Heron’s Path has been classified as a young-adult novel, yet you’re finding that it’s not so young adults who are its primary readers. Why do you think this is the case?
Novels who have young protagonist are often classified as young-adult. I believe there is an audience of young people out there who would love Heron’s Path. It is written in a style that I loved to read as a young person. I believe one of the strengths of Heron’s Path is that it is a character driven novel. I worked hard to create vivid characters and in using imagistic language to carry the story through. My readers, mostly women but also several men who have written to let me know how much they appreciate the story, have loved the plot, especially as the setting is very grounded in the natural world, yet unexpected forces are at play throughout the book. But it’s not a seat-of-your-pants kind of book. It’s quiet, which I think makes the climax hit that much harder.
Why did you create your own native culture?

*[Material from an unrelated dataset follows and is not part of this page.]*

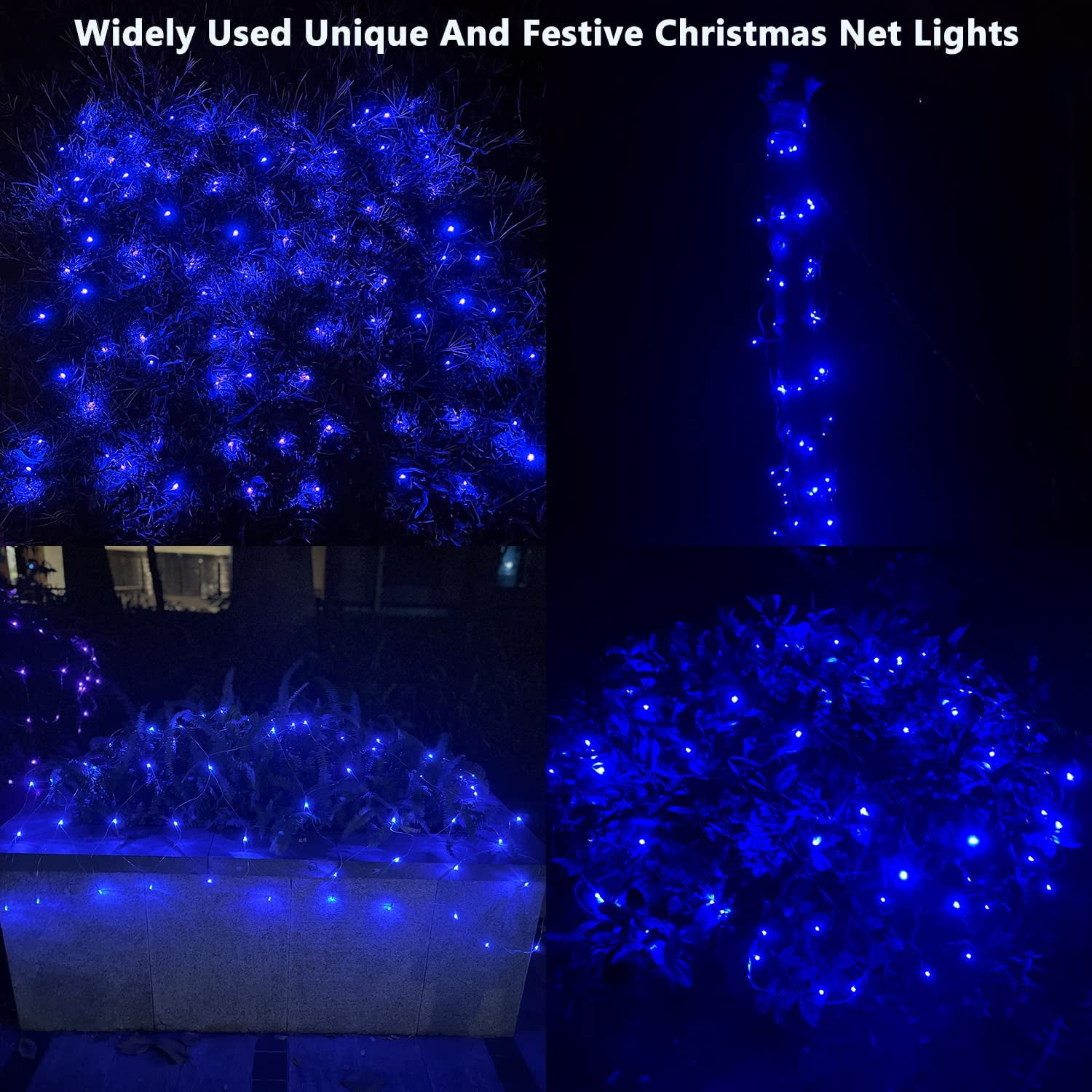 QIHE-LED Blue Christmas Net Lights Outdoor Christmas Decorations ...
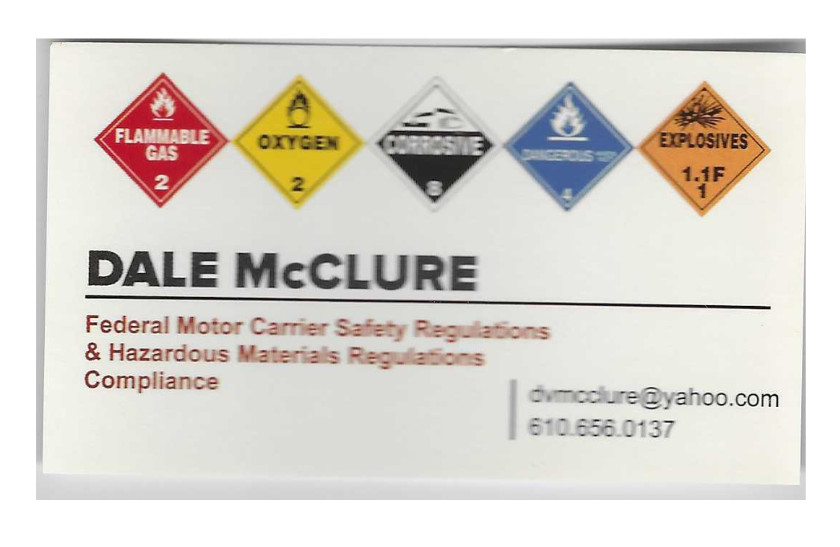 Business card with hazmat icons, Dale McClures name, contact info, and safety regulation details.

As I’m not Native American, I knew that I could not do justice to any culture that I was not part of. I got the idea for the book after a camping trip along the Klamath River while reading a wonderful memoir called In the Land of the Grasshopper Song which was about two East Coast society matrons who come to work with the Kurok Indians at the turn of the 20th century. I based some of my ideas on what I read about the Kurok/Yurok culture, along with information I received from a friend, Annie Smith, who is Pomo. I created my “alternative” wilderness, the Talum, instead of the Klamath, for example to accommodate my own people, the Nanchuti. The character of Sarah Price was a conflation based on Mary Ellicott Arnold and Mabel Reed, the writers of In the Land of the Grasshopper Song.

Klamath River by Linda Tanner
You created legends and also a language for them. How did you do this?
These were the easiest parts of the book to write. I suppose I latched on to the power I felt in the Klamath River area, the beauty of the both the river and the land, and the stories just spilled out. I wouldn’t say I have a complete language, but I tried to follow some rules as I wrote the dialogue that was in Nanchuti. It was fun.
Tell us a little more about the story.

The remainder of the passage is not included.